= George R. Jensen Jr. =

American businessman

George R. Jensen Jr. is an American businessman who founded USA Technologies Inc., (USAT), a high-tech company that developed the ePort, the first wireless networked cashless payment technology for vending machines, unattended Point-of-Sale (POS) terminals, and kiosks.

Jensen founded USA Technologies in 1992, when he envisioned a world of cashless vending, and served as Chairman of the Board and Chief Executive Officer during his tenure.

The ePort cashless product line includes the ePort G8, a payment terminal which allows consumers to pay for items at vending machines, kiosks and POS terminals with magnetic swipe bank cards, contactless cards, FOB, PIN, and cellular phones, and the ePort EDGE which was developed for magnetic swipe cards only.

Under his leadership, the ePort EDGE in 2010 won the inaugural National Automatic Merchandising Association (NAMA) award for innovation in cashless vending technology. NAMA is the vending industry's national body.

His management also led to USA Technologies being ranked among the leading shippers of point-of-sale terminals over the past three years by The Nilson Report, a source of news and research on consumer payment systems worldwide. In the latest 2009 survey, USA Technologies was ranked 6th in POS shipments in the United States and 31st in the world.

More recently, USA Technologies was named to Deloitte L.L.P's 2010 Technology Fast 500 List of the fastest growing companies in North America.

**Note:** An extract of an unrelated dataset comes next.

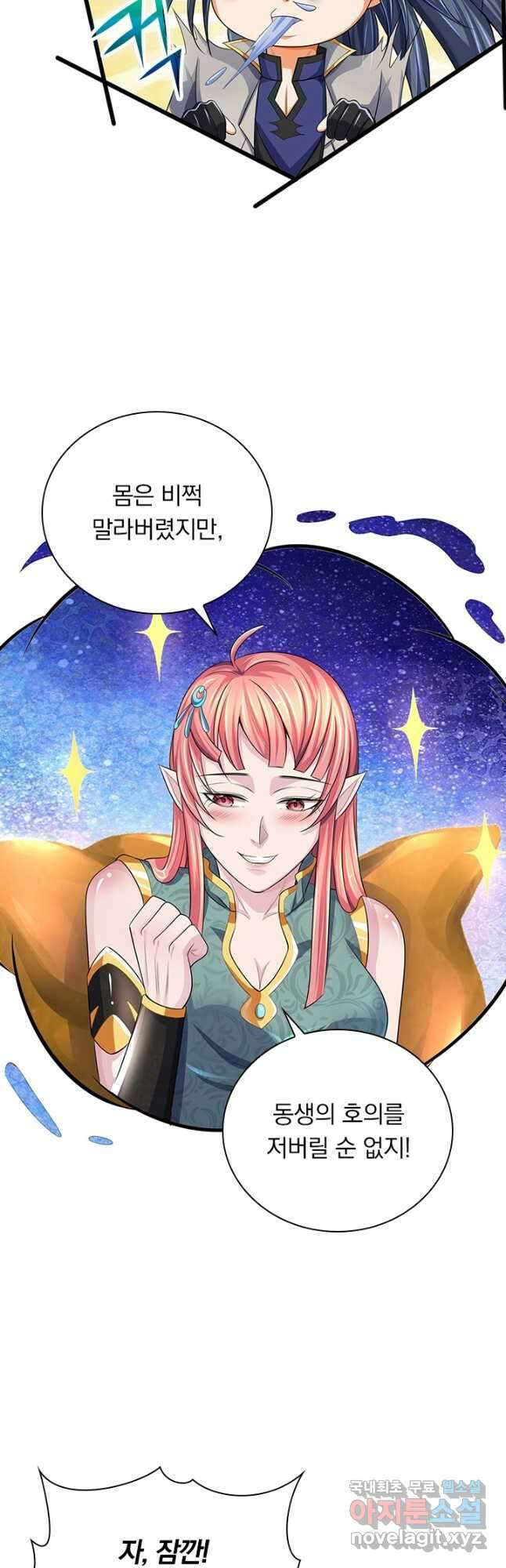 신무천존 259화 2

In 1985 Jensen founded American Film Technologies where he served as Chairman, Director, and CEO until 1992. AFT is a film colorization company that creates color imaged versions of black-and-white films. During his leadership, Jensen was awarded a contract from Ted Turner, the American film magnate and founder of the CNN news service, to convert 200 black-and-white films to color. Jensen grew AFT to more than 500 employees.

In 1989 Jensen was named 'Entrepreneur of the Year' for the Philadelphia area by Inc. Magazine and by Ernst & Young for Technology Leadership.

Jensen launched his entrepreneurial career in 1975 as CEO and President of International Film Productions Inc. He was Executive Producer of the 12-hour miniseries, "A.D.", filmed in Tunisia. Procter & Gamble co-produced and sponsored the epic, which aired in 1985 for five consecutive days on the NBC network. The epic was a continuation of the highly acclaimed mini-series, "Jesus of Nazareth". He was Executive Producer of the 1983 film special, "A Tribute to Princess Grace" shown on Public Television.

Jensen began his career as a securities broker from 1971 to 1978, primarily for the firm Smith Barney Harris Upham.

Jensen graduated from The University of Tennessee where he received his Bachelor of Science degree, as well as The Wharton School of the University of Pennsylvania where he was a graduate of the Advanced Management Program.